== Segment start ==
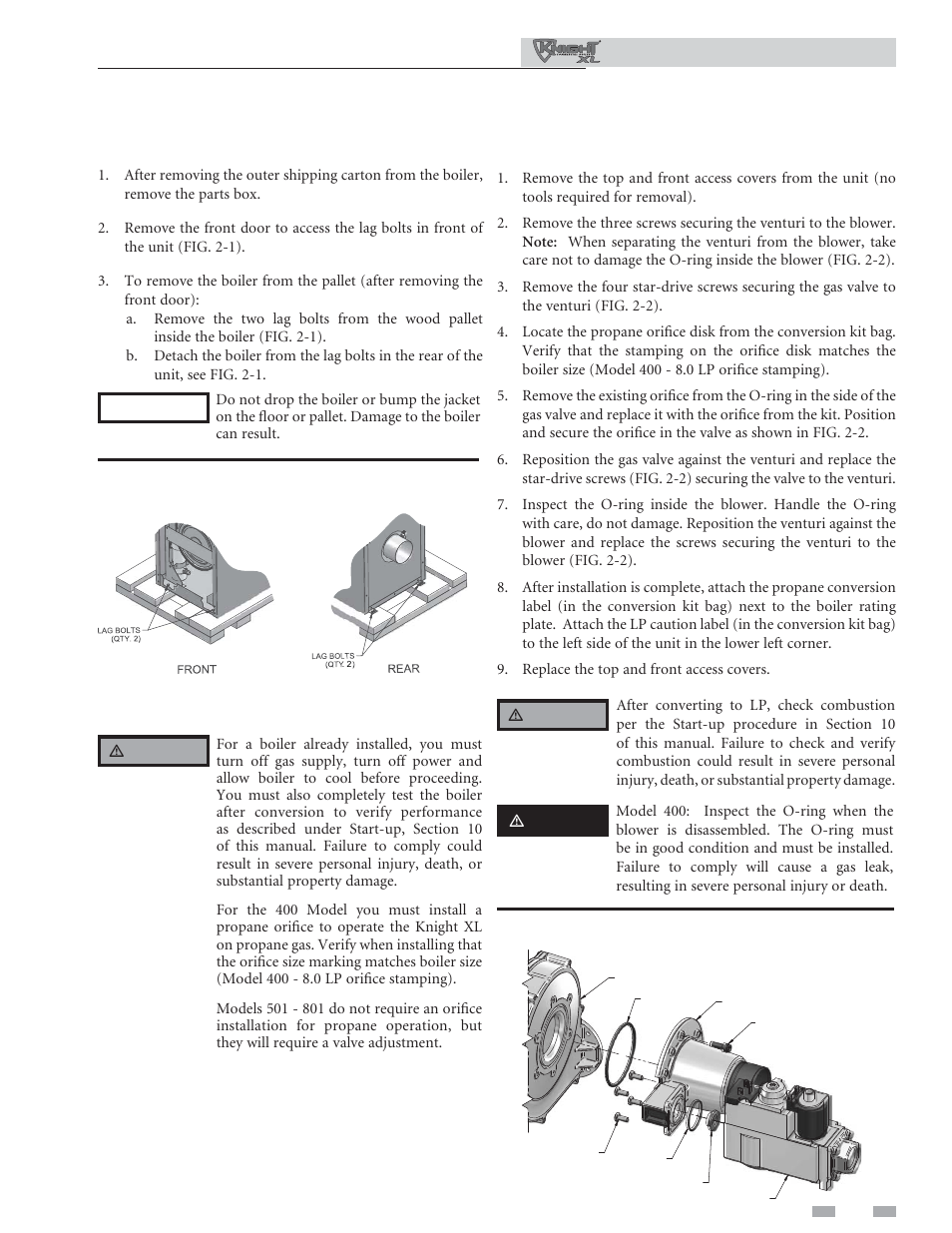 Prepare boiler | Lochinvar KNIGHT XL 801 User Manual | Page 13 / 80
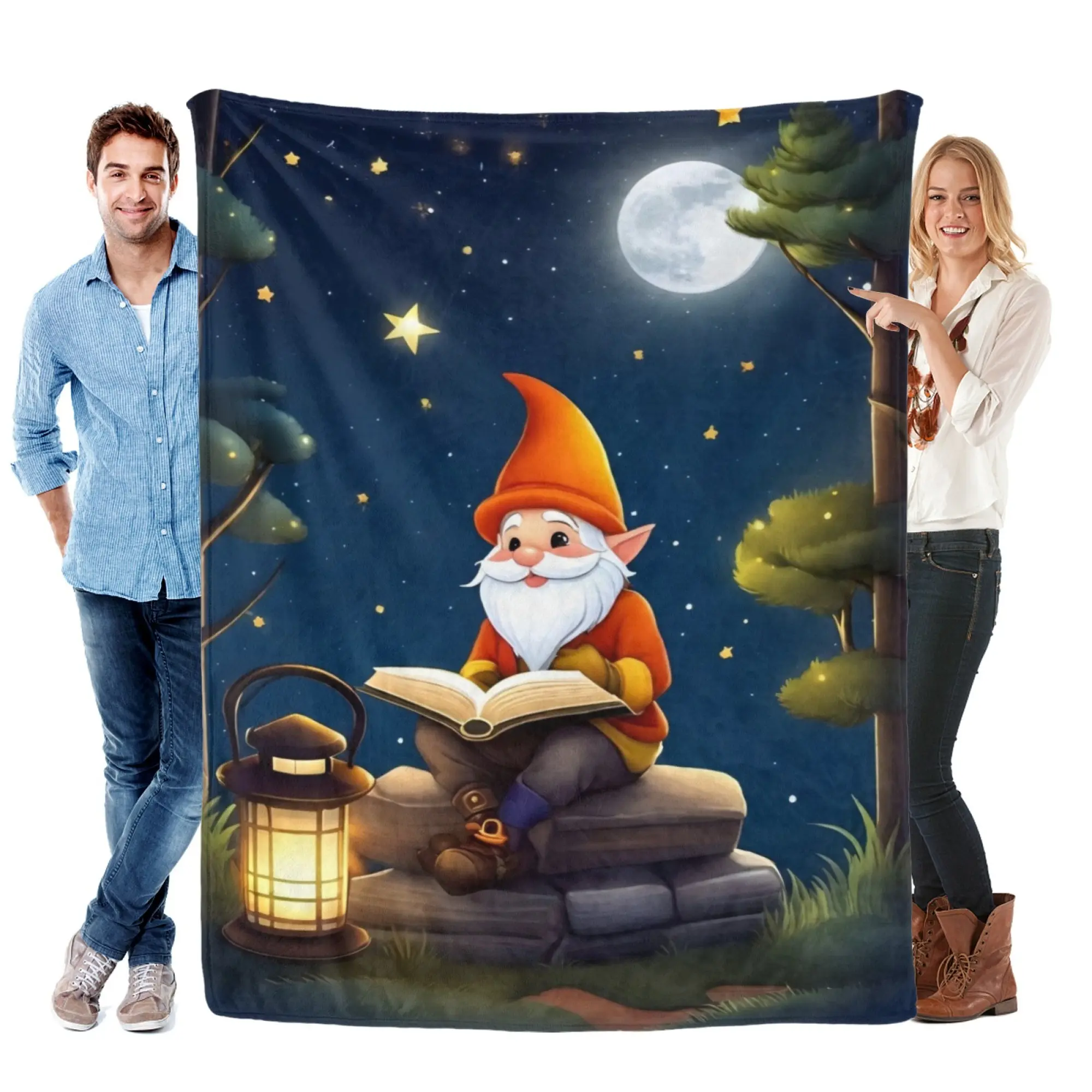 Cozy Gnome Flannel Throw Blanket – Cute Moonlight Reading Design, Soft Warm Fleece Blanket for Couch Bed, Magical Forest Night Home Decor, Cozy Gift for Gnome Lovers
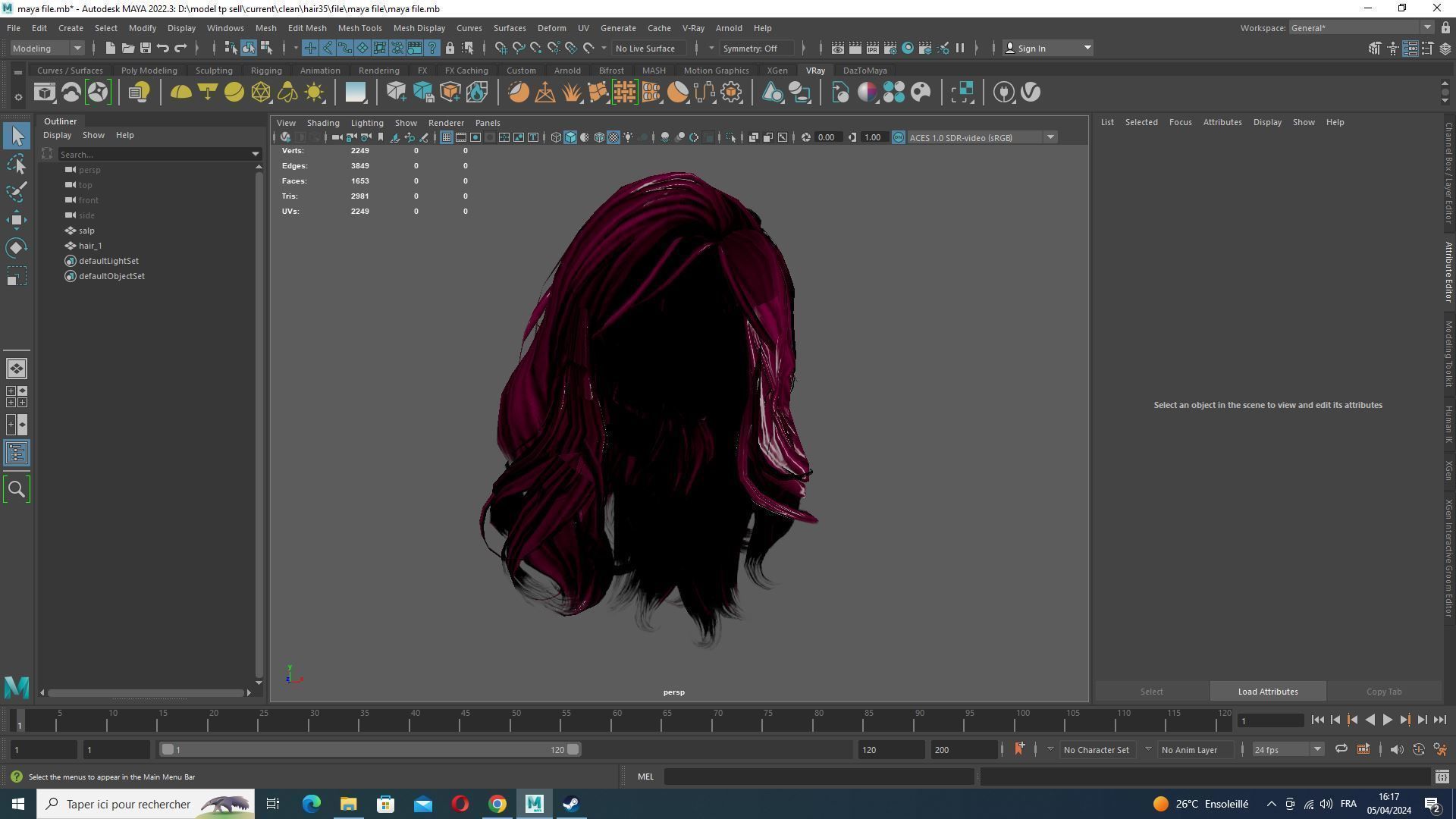 Female wavy hair Low-poly 3D model_12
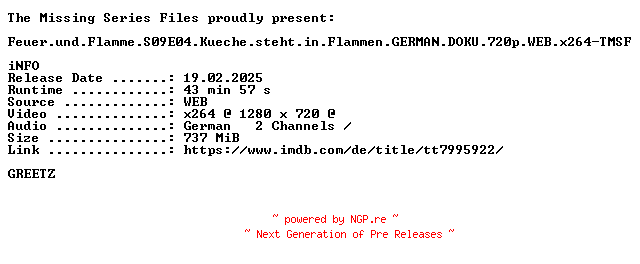NFO for the release Feuer.und.Flamme.S09E04.Kueche.steht.in.Flammen.GERMAN.DOKU.720p.WEB.x264-TMSF by TMSF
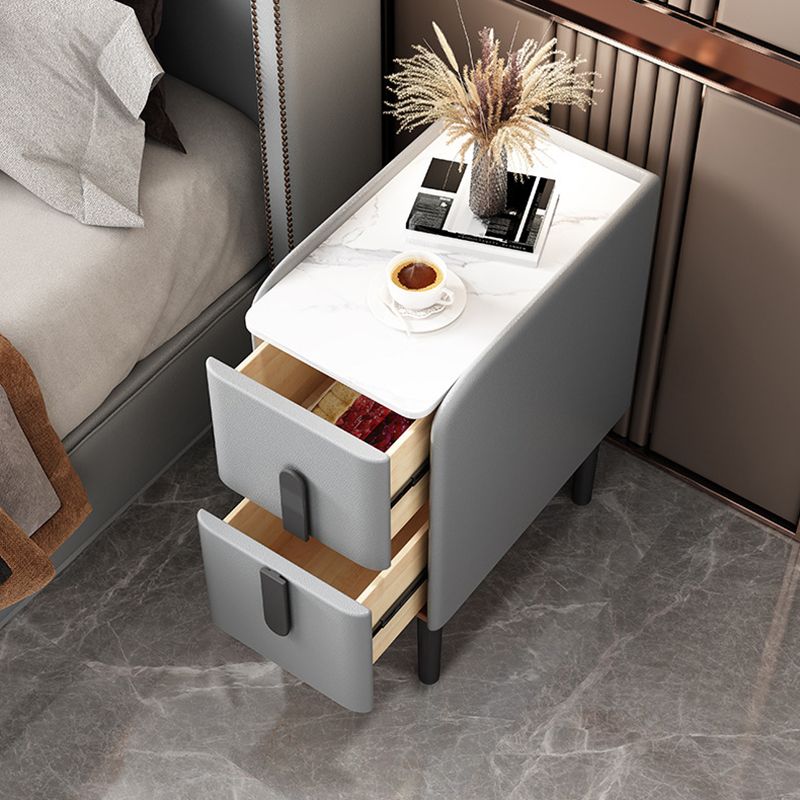 Modern 2 Drawers Accent Table Nightstand Antique Finish Slate Top Bedside Cabinet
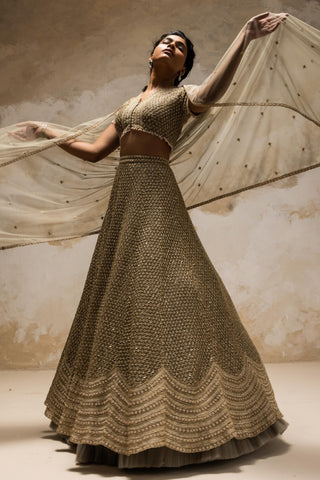 Gold sequins geometric texture lehenga set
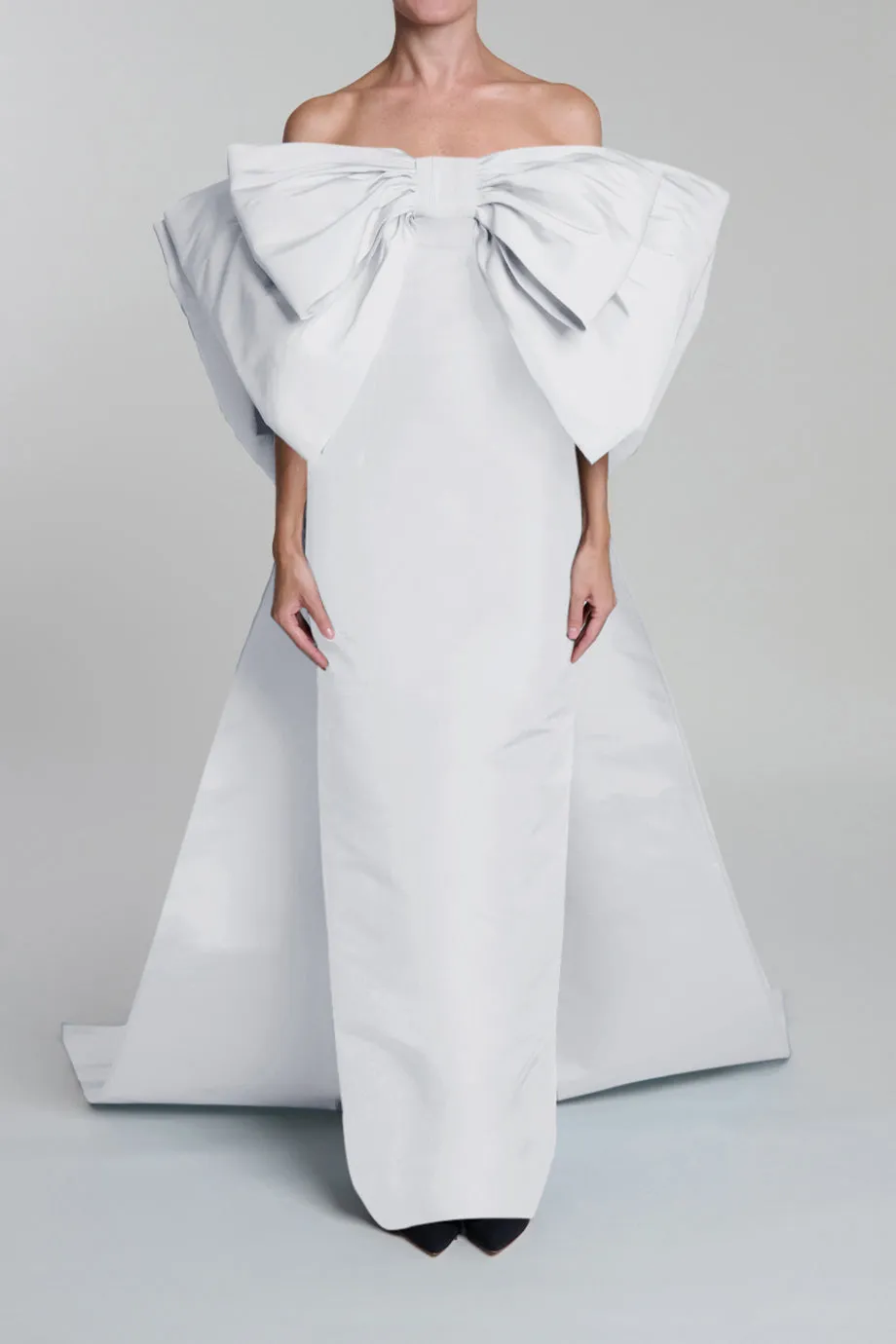 Anniversary Off-The-Shoulder Double Bow Silk Faille Column Gown with Detachable Cape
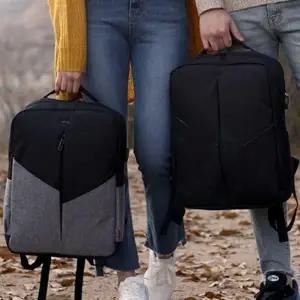 (옵션 블랙)패션 USB 충전 가방 남자 노트북 책가방 학생 백팩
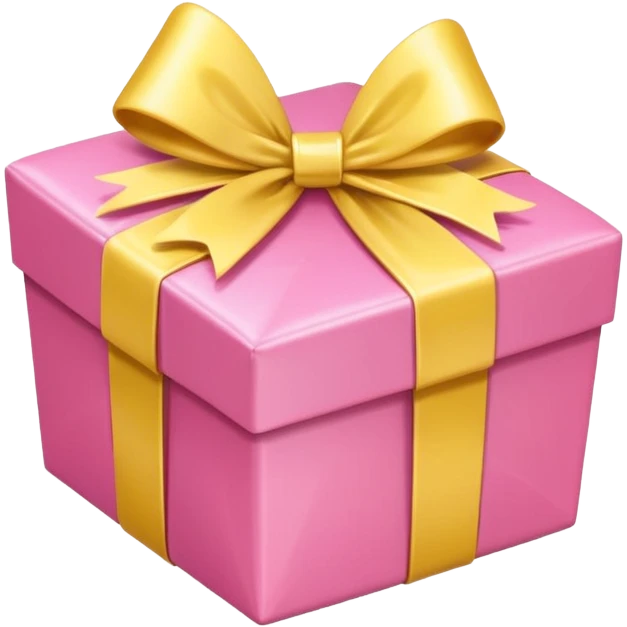 Cute kawaii sparkly shiny glossy romantic aesthetic Heart-shaped pink gift box present with yellow wrapping emoji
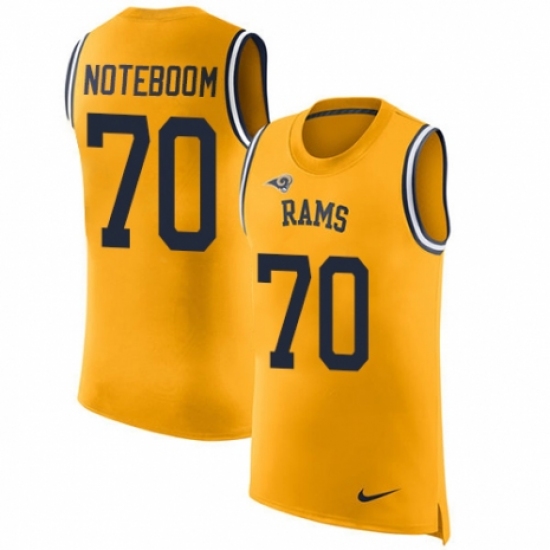 Men's Nike Los Angeles Rams #70 Joseph Noteboom Limited Gold Rush Player Name & Number Tank Top NFL Jersey - Ujersey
== Segment end ==
## What you should do
Output the data above exactly, beginning at its first line and ending with the line that holds "NFO for the". Leave out the pictures and add nothing.

## Solved exercise
 Prepare boiler | Lochinvar KNIGHT XL 801 User Manual | Page 13 / 80
 Cozy Gnome Flannel Throw Blanket – Cute Moonlight Reading Design, Soft Warm Fleece Blanket for Couch Bed, Magical Forest Night Home Decor, Cozy Gift for Gnome Lovers
 Female wavy hair Low-poly 3D model_12
NFO for the release Feuer.und.Flamme.S09E04.Kueche.steht.in.Flammen.GERMAN.DOKU.720p.WEB.x264-TMSF by TMSF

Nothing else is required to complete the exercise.